USA,  Australia & UK ordinaries: Mgr John Armitage, and Fr Tad of CDF
Photo courtesy of Fr Ellis

There were about forty Ordinariate priests present from England and Wales, together with a number of priests' wives. A scholarly presentation on the theology of Thomas Aquinas was the first major event on Tuesday, after the Noon Mass which we concelebrated in the Shrine Basilica on arrival. Others will post on Facebook and elsewhere and you need to read these to gain a balanced view of the twenty-four hours in Walsingham. For me, the absolute highlight was the morning session on Wednesday when the three Ordinaries and Fr Tad addressed us, and even better responded to our questions and comments.

What struck the loudest chord for me was Bishop Lopes' insistence that the Ordinariate can only flourish,  develop. attract new members and become a real weapon for evangelisation when it has its own buildings. We heard from priests who felt themselves hamstrung by being obliged to another diocese for their place of worship. In private conversation with fellow priests this restriction is plainly a real burden for many. Diocesan priests are afraid their congregation might be attracted to this rival concern of the Ordinariate and some of them go to extreme lengths to ensure this cannot happen. For instance, they run an Alpha course, several Anglicans join in, but they are never even told that there is a local Ordinariate - they have to go through the RCIA, though it is often not the best tool for bringing former Anglicans into full communion.

There are times when Ordinariate pastors have a celebration which would usually be according to the Ordinariate Use, with the celebrant facing East; but because it is a day (perhaps some day of Obligation) when it will be convenient for members of the parish congregation to join them, the pastor is fearful of upsetting the parish priest and so uses Novus Ordo and adopts the bartender position at the altar. Small wonder that many of the catholic laity say such things as 'I don't know whay you can't just be ordinary catholics .. there doesn't seem to be any difference'. Where the Ordinariate has its own building (as in Torquay or Portsmouth) or even where its pastor is also the parish priest, but has some control over the way the building is used, as at Pembury or London Bridge) then catholics begin to see the point of the Ordinariate, and it is able to undertake its real purpose of evangelisation.

We were also profoundly saddened by the revelations of sexual immorality in the Church, and even more by the very inadequate response so far given from Rome. Here the American Church seems to be giving a lead in ensuring that this  is dealt with firmly and consistently.

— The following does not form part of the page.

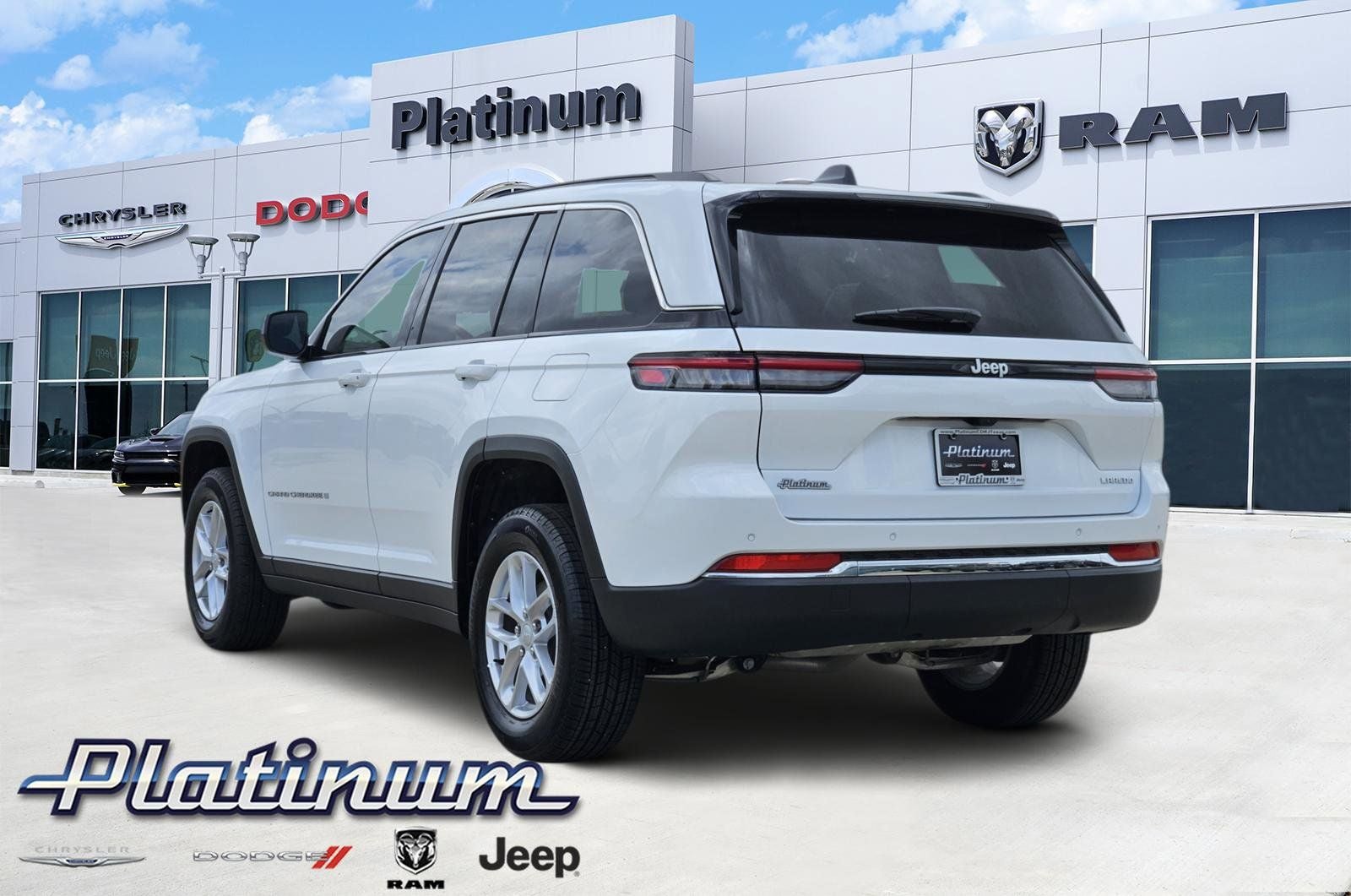 2026 Jeep Grand Cherokee GRAND CHEROKEE LAREDO 4X2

The challenges of Australia have to do with the immense size of that country, and the distances between Ordinariate groups.Yet there are New Zealanders looking to see the Ordinariate working in that excessively 'liberal' region, and even small beginnings in Japan. Little wonder that, past retirement age, Mgr Entwistle is looking for the day when a younger successor will be appointed.

In the formal question and answer sessions, and in conversations with other clergy and clergy wives, we learned a great deal about the way the Ordinariate works; and why in some places it seems not to work so well. It is a very young plant; the first of us only came into communion with the See of Peter  a little over seven years ago. Under God, we are deeply indebted to all those who have encouraged and supported us, above all our former Pope, Benedict; we still have great support in Rome itself, as Fr Td witnessed. Most of all though it is our three Ordinaries who have borne and are bearing the heaviest burden. They deserve our  thanks - but even more our constant prayers.